It’s a good thing Britain doesn’t have anything serious to worry about like a migrant crisis, a collapsing health system or being caught up in a global economic slowdown.
The top news today from the country that calls itself home to the Mother of Parliaments is the youthful excesses of Prime Minister the Hon. David Cameron MP, set out in lurid detail by a spurned former colleague.
According to the author of a new book plugged on Monday by the Daily Mail, these excesses including putting “a private part of his anatomy” into the mouth of a dead pig as part of an initiation ceremony to a boorish upper-class ‘dining club’ (think Animal House crossed with Evelyn Waugh’s Brideshead Revisited). The book also alleges Cameron smoked pot and, even worse, listened to the 1970s progressive rock band Supertramp, but those more serious charges understandably got less attention Monday.
Now, here at Fortune we respect the right of every reader to favor entertainment and amusement over hard news, so if that is your desire this Monday morning, then simply head over now to Twitter, where it has been the world’s #1 trend all morning (yes, the dystopian future you read about has arrived). #Piggate and #Hameron are your keys to the kingdom of tasteless hilarity and hours of lost productivity.

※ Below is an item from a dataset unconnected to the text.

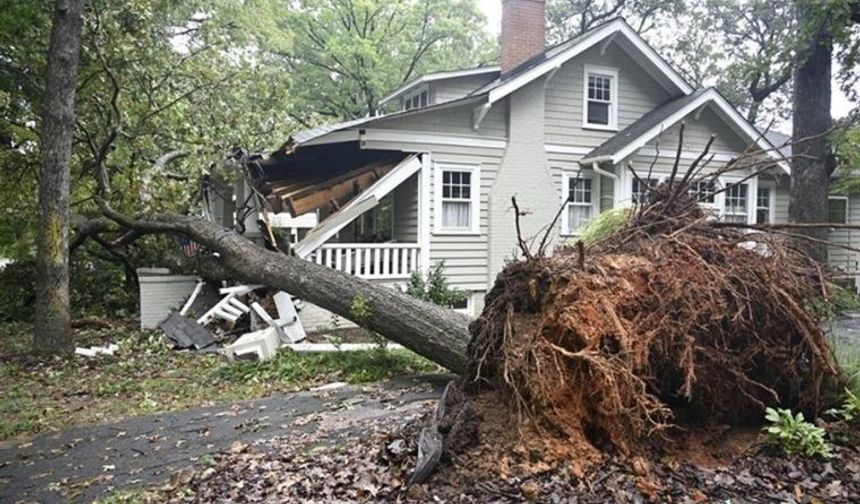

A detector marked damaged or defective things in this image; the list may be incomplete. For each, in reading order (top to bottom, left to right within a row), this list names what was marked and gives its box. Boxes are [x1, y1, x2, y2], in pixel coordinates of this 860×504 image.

broken siding panel [544, 42, 672, 147]
broken siding panel [392, 173, 418, 242]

We’ll only note that Cameron’s spokeswoman declined to dignify the claim with a comment, pointedly referring to the admission by the book’s author, Michael Ashcroft, that he “had a beef” with Cameron for being frozen out of a top job after the party’s 2010 election victory. Ashcroft, a billionaire tax exile, was treasurer and deputy chairman of the Conservative Party and the political research he lavishly funded was instrumental in helping the party return to power for the first time in 15 years.
Boiled down to its essence, the book appears to amount to little more than payback for that act of perceived betrayal by Cameron. But the play it got (or didn’t get) in the U.K. media Monday was intriguing, with many major players refusing to carry the story for hours.
Most conspicuous was the complete silence of the state-owned and supposedly impartial British Broadcasting Corporation, currently trying to defend its domination of the U.K. media scene and running scared of a government that harbors plenty of grudges against its perceived left-wing bias. The government has put under review the system that forces all TV owners in the U.K. to pay an annual license fee of 145.5o pounds ($227) to fund the Beeb.
The BBC, which prides itself on its editorial independence from government, suppressed the Daily Mail from its reviews of the morning’s papers on its website Monday and studiously refused to discuss it on its morning magazine shows on TV or radio.
Rather more surprising was the silence of Rupert Murdoch’s News International empire–even though the book was co-authored by Isabel Oakeshott, formerly political editor of Murdoch’s Sunday Times. Commentators in the News UK stable who last week were savaging Labour leader Jeremy Corbyn’s leadership style, policies and dress sense last week were strangely silent. The Daily Telegraph, the other prominent Tory newspaper, responded with a vigorous denial by unnamed ‘friends’ of Cameron.
Conspiracy theorists may sense the onset of a battle for the Tory leadership in the air. The Mail is unflinchingly loyal to the party, and to see it launching a devastating smear on its leader, the Prime Minister no less, has the feel of going beyond the news agenda of the day–a feeling that gets stronger when the rest of the Tory media seem unsure how to react.
Cameron has already indicated this will be his last term in office and his potential successors are already jockeying for position. Two of them–Chancellor of the Exchequer George Osborne and London Mayor Boris Johnson–may not be helped by the fact that they were members, together with Cameron, of another ‘dining club’ for the self-appointed elite of tomorrow while at Oxford. Ashcroft, with a personal fortune of over $1 billion, still has the means to pull strings in Tory circles if he so desires.
Or it may just be the best bit of political clickbait this side of the Atlantic all year. Even if it isn’t The Crime of the Century.